▸ **Material for the task**:
⟨
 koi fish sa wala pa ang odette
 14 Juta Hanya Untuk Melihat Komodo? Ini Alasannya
⟩
⟨
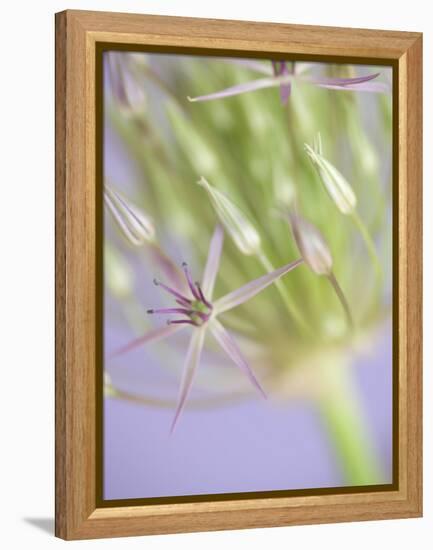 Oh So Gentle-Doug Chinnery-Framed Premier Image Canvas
⟩
▸ **Task directions**: Only one stretch of the data above is needed. Restate it word for word, from the line containing "koi fish sa wala pa ang odette" through the line containing "14 Juta Hanya", both ends included.

▸ **Response for this exercise**:
 koi fish sa wala pa ang odette
 14 Juta Hanya Untuk Melihat Komodo? Ini Alasannya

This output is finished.